Au bout d'une séance qui a durée plusieurs heures, le parquet à requis devant la cour d'appel de Pau l'interdiction du nom « Euskal Herriko Laborantza Ganbara », « chambre d'agriculture » en basque, ainsi qu'une amende de 2.000 euros.
La défense réclame la relaxe. Le jugement a été mis en délibéré au 6 mai 2010.
Pour le préfet, l'appellation « chambre d'agriculture du Pays basque » même si elle est en langue basque est « de nature à créer dans l'esprit du public une confusion avec l'exercice d'une fonction publique » telle que l'exerce la chambre d'agriculture des Pyrénées-Atlantiques.
En première instance, le 26 mars 2009, Michel Berhocoirigoin, le président de l'association EHLG, avait pourtant été relaxé par le tribunal de grande instance de Bayonne. Une action publique orchestrée par le préfet visait aussi bien sa personne que la dénomination et les missions de l'association EHLG.
Au dernier moment, le procureur de la République avait choisi de faire appel de cette décision après consultation du procureur général à Pau et de la Chancellerie.
EHLG avait alors déploré cet « appel loin d’apaiser la situation » et qui, selon elle, allait « alimenter un conflit, déjà trop long [...] », alors qu’une « certaine sérénité semblait enfin s’installer ».
Cette affaire a provoqué un tollé dans les milieux de défense des Droits de l'homme qui réclament, dans une lettre de soutien aux agriculteurs basques, « le respect de la liberté constitutionnelle d'association ».
L'association EHLG, qui a publié un « livre noir » de près de 700 pages recueillant depuis cinq ans les faits de « l'acharnement de l'Etat », selon elle, à son encontre, dénonce une atteinte à « la liberté de réunion et d'association pacifiques » telle qu'elle est définie dans l'article 20 de la Déclaration universelle des droits de l'homme.

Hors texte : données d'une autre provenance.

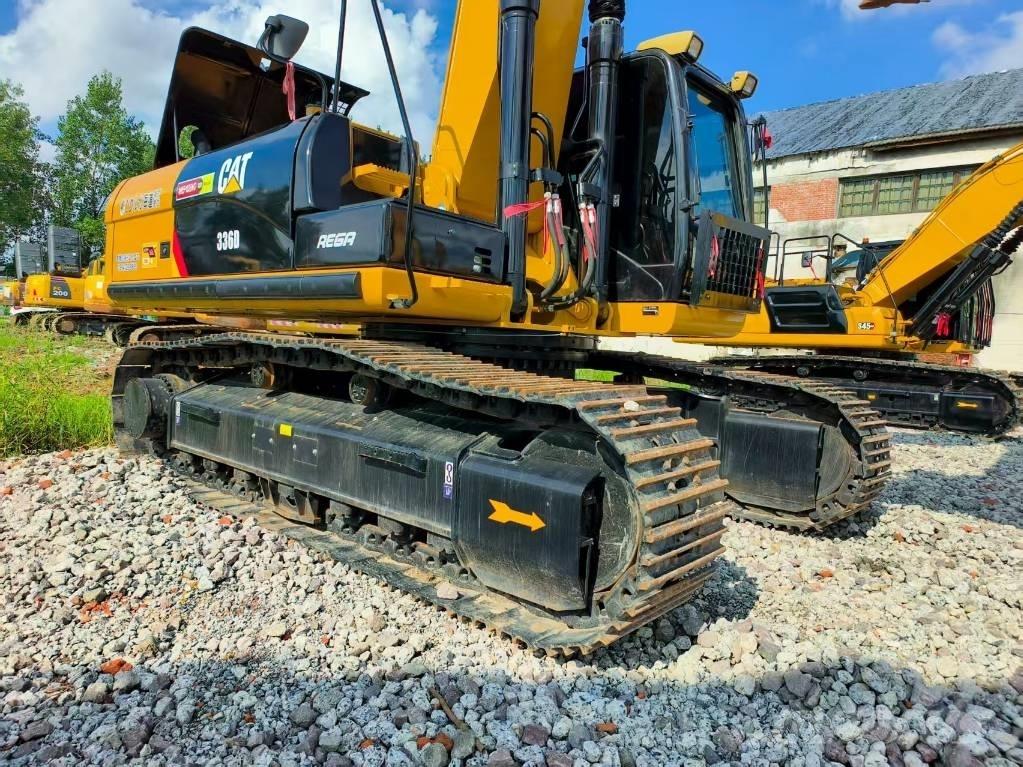 CAT 336 D Excavatoare pe șenile
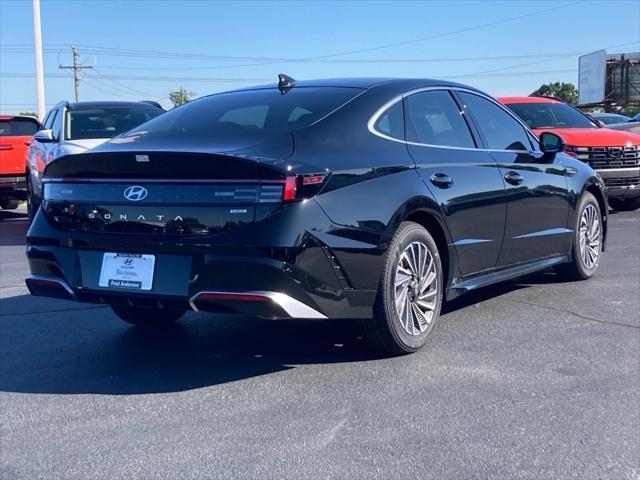 new 2025 Hyundai Sonata Hybrid car, priced at $32,303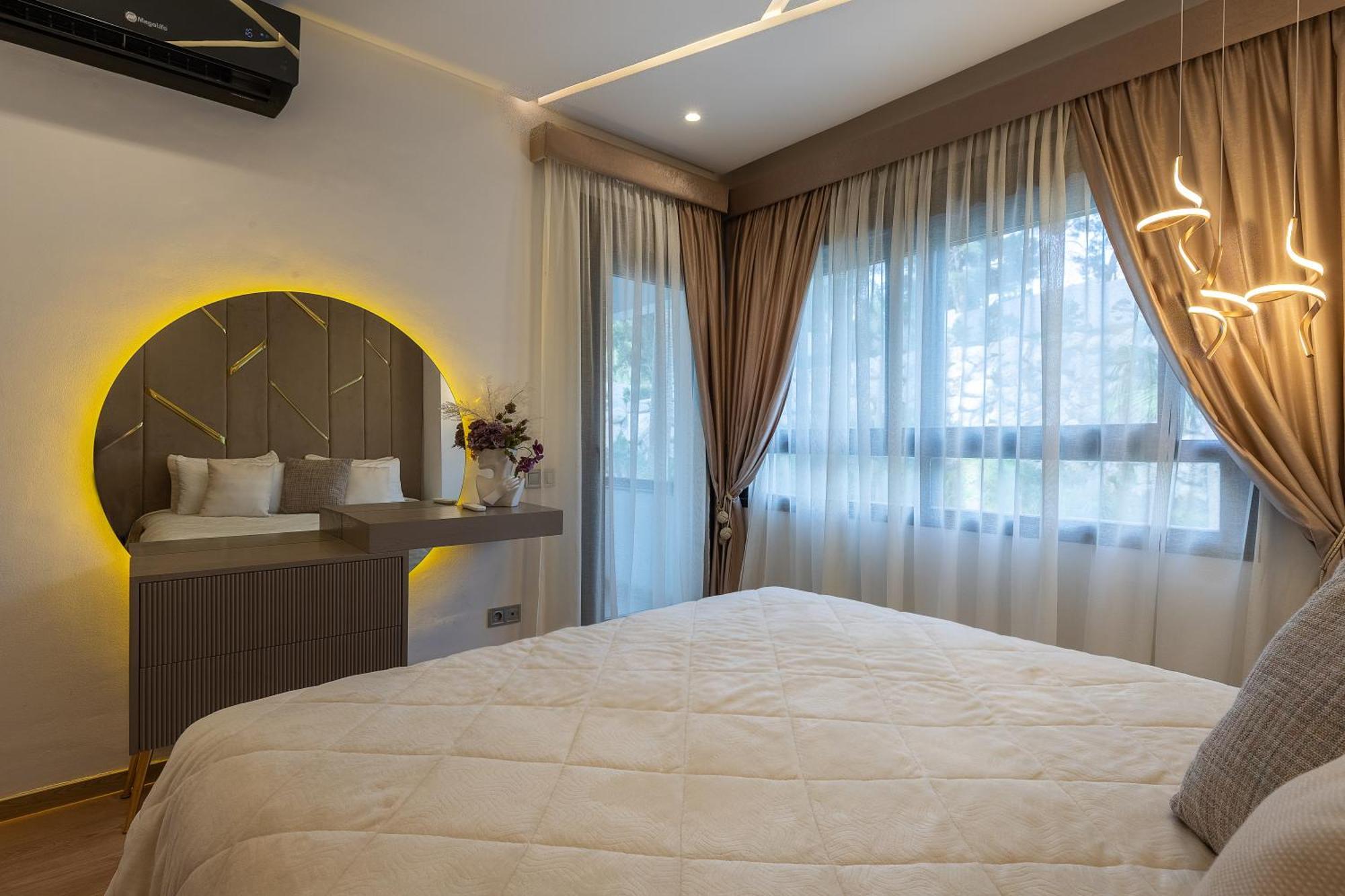 Pool View Stylish 3br, 2ba Apartment, 5-min To & Tgv *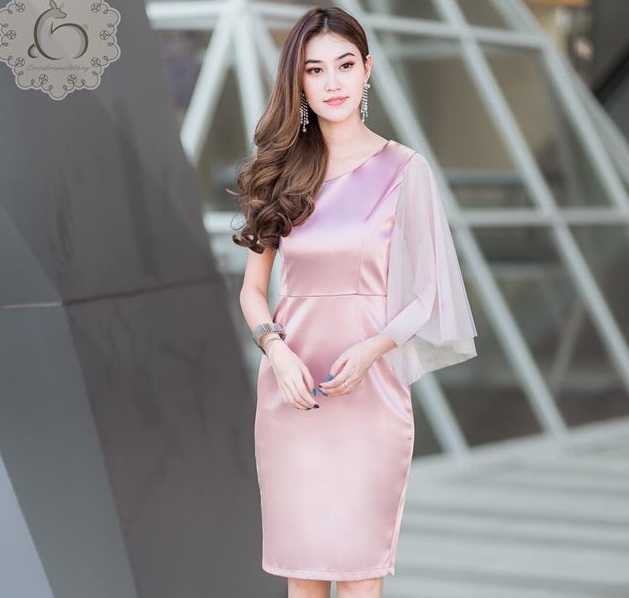 ชุดราตรี ชุดออกงาน ชุดไปงานแต่งงานสีชมพู เดรสสั้นไหล่เฉียง แขนแต่งระบายผ้าชีฟอง กระโปรงทรงสอบ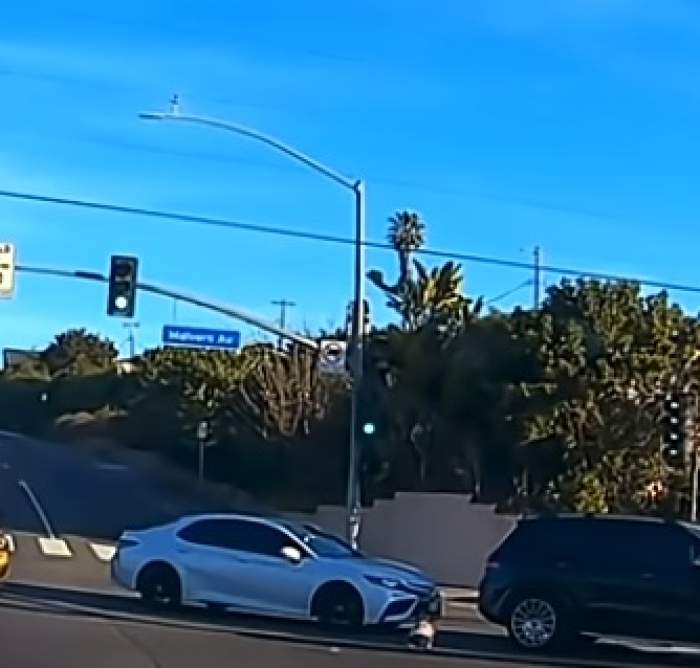 Imagini șocante cu un copil care cade dintr-o mașină în mers. Ce acuzații îi sunt aduse mamei sale. Totul a fost filmat 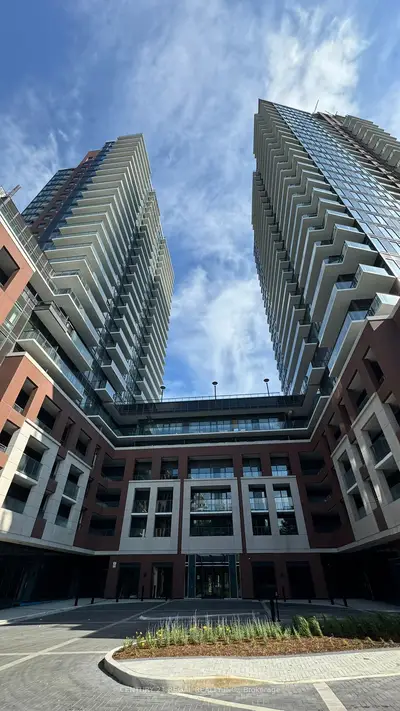 4010 Eglinton Avenue W 417, Toronto, On M9a 0g5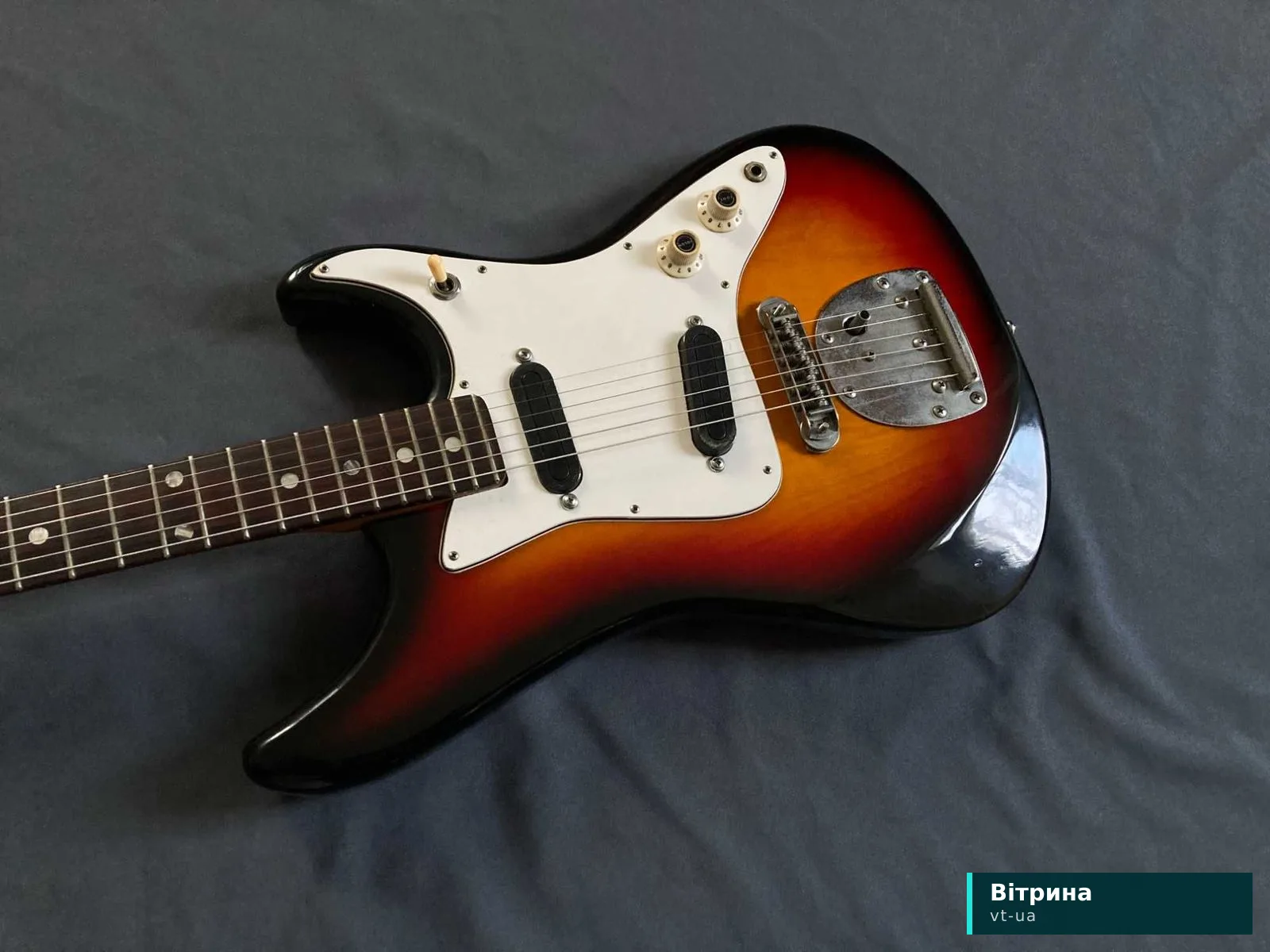Guyatone 70s stratocaster-jaguar cort squier fender tokai yamaha prs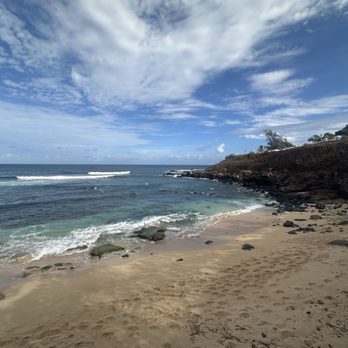 Hookipa Beach Park - Parks Near Me - Paia, Hawaii
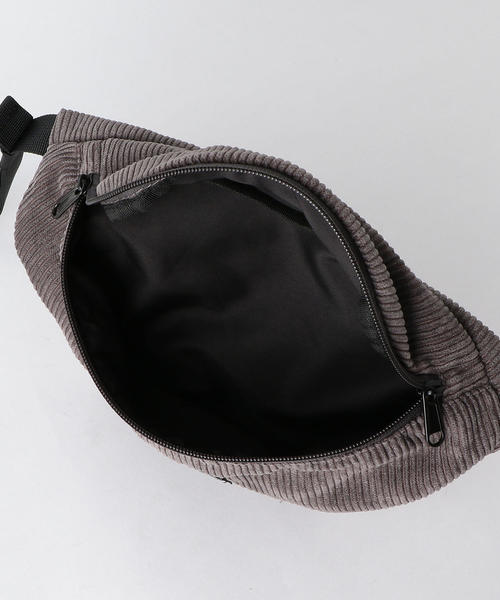 coen（コーエン）の「Gramicci(グラミチ)別注コーデュロイボディバッグ(パープル⇒WEB限定カラー)（ボディバッグ/ウエストポーチ・メンズ・グレー/パープル/ブラック/ブラウン・FREE）」の15枚目の写真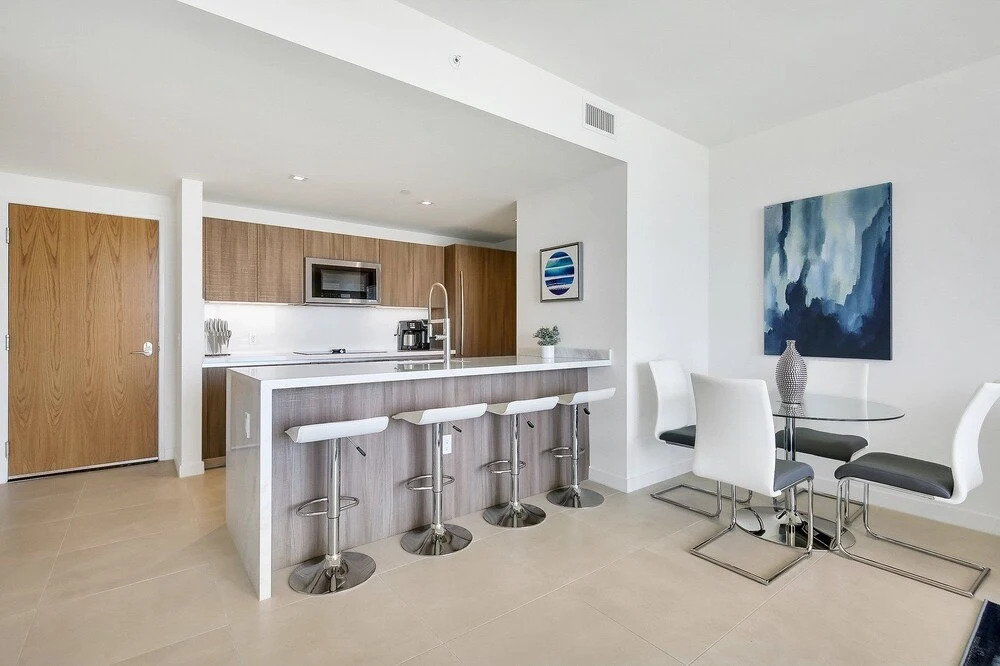 Top Fort Lauderdale Condo 9th Floor Private and Sanitized Hotel Amenities Free Parking for Stays Over 27 Days 400 ft From the Beach. Hosted by Super Host - photo 18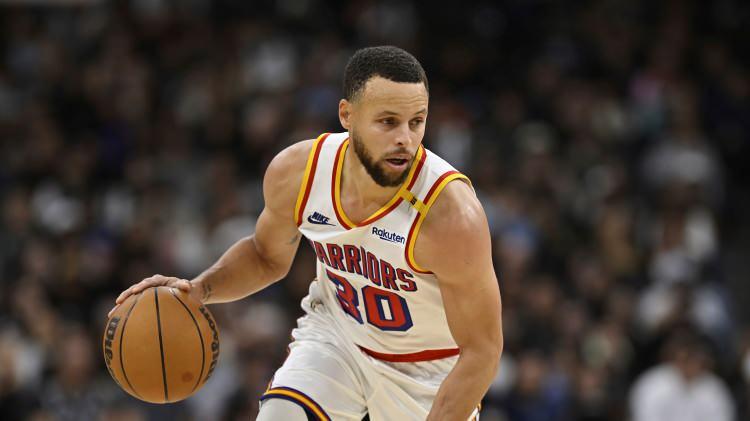 <p>2- Stephen Curry | 153.8 milyon Dolar</p>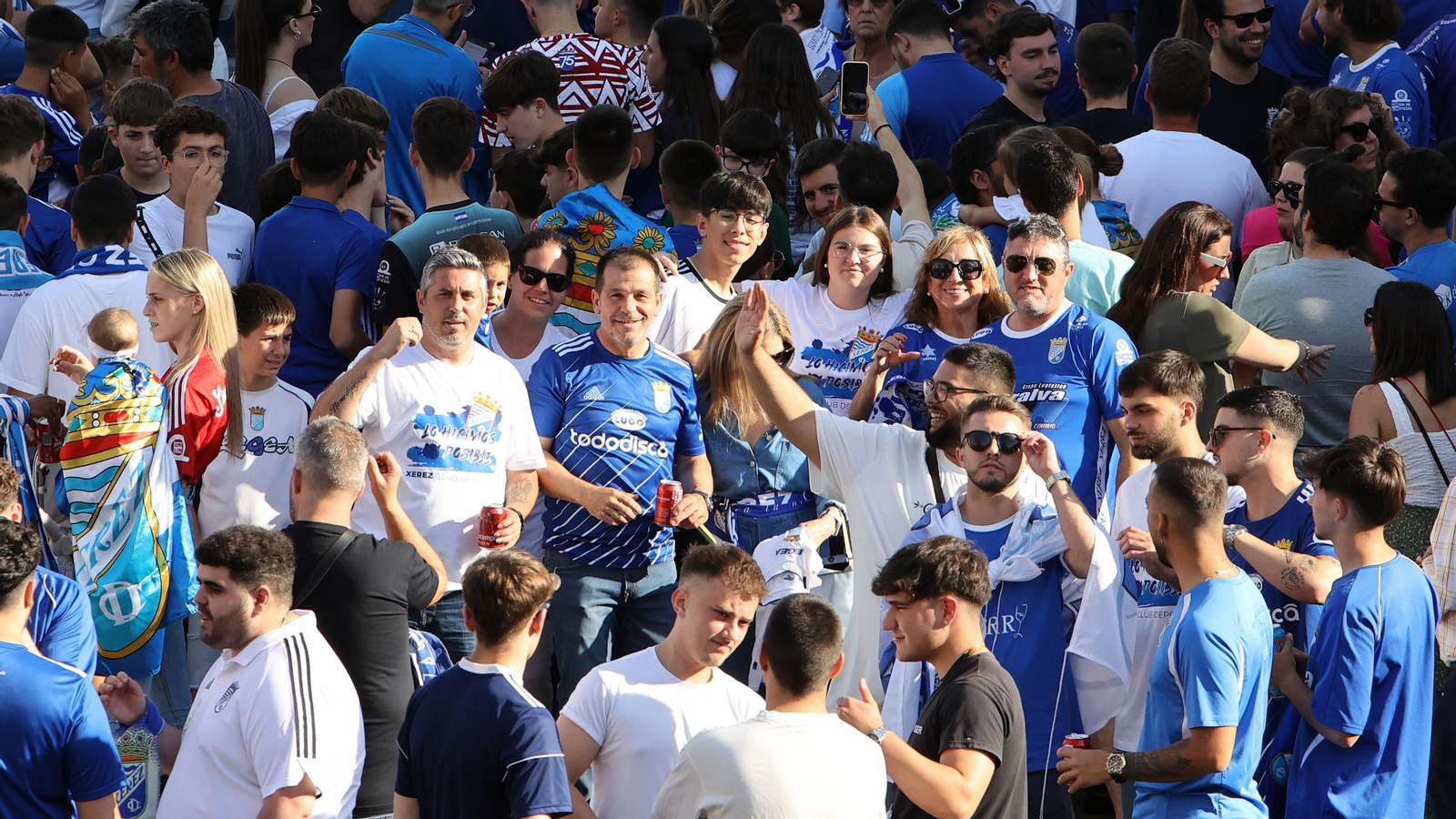 Baño de masas del Xerez CD en Jerez por su ascenso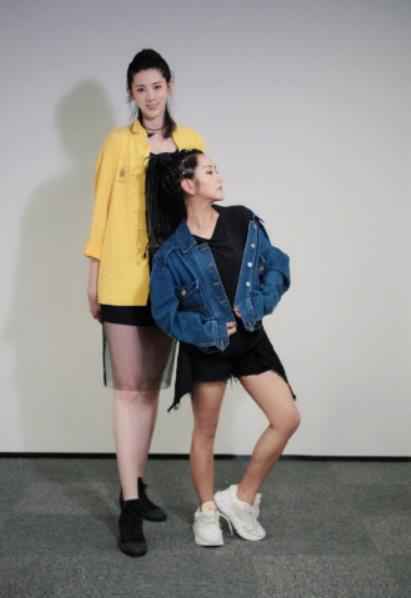 50岁王琳《奋斗吧主播》自称小姐姐，开直播遭网友无理要求竟如此回应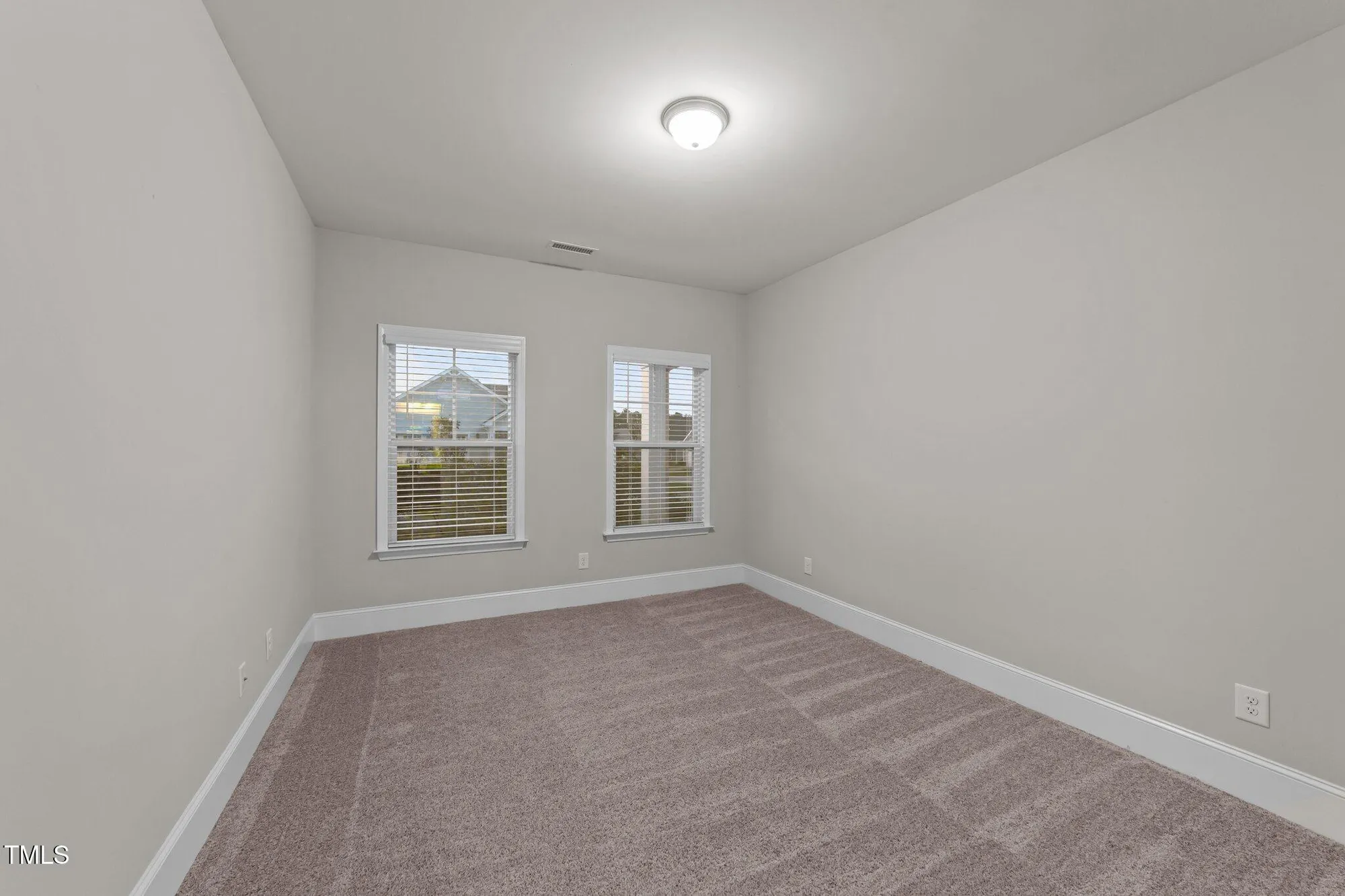 Property Slideshow image 21 of 41 | 80 bramble ln, Clayton, NC, 27527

Dans un communiqué vendredi, la Confédération paysanne a estimé que ce procès en appel « relève de l'acharnement sur des innocents ». EHLG est une association « qui travaille sur le développement du projet d'agriculture paysanne dans le Pays basque, elle respecte la totalité des lois françaises ».
Pour le syndicat agricole, l'Etat pourrait bien chercher à « empêcher EHLG et la dynamique paysanne et citoyenne qui la porte de développer l'alternative agriculture paysanne face au modèle industriel ».
Dès le 6 février 2010, une chaine humaine de d'environ cinq cents personnes dans le centre de Bayonne s'était constituée pour témoigner leur soutien à EHLG et son président.
Le matin du procès, le 18 février 2010, de 500 à 700 personnes se sont regroupées devant les portes du palais de justice de Pau, brandissant des pancartes qui appelaient à « laisser EHLG vivre et travailler en paix » ou « l'arrêt définitif de l'acharnement contre EHLG ».
De nombreux responsables des formations politiques autonomistes basques ont assisté au procès qu'ils jugeaient symbolique, de même que plusieurs partis écologistes venus soutenir le combat d'EHLB « en faveur d'une agriculture paysanne et durable ». Divers élus de la gauche, de l'extrême-gauche et des responsables d'associations de défense des Droits de l'homme étaient également présents.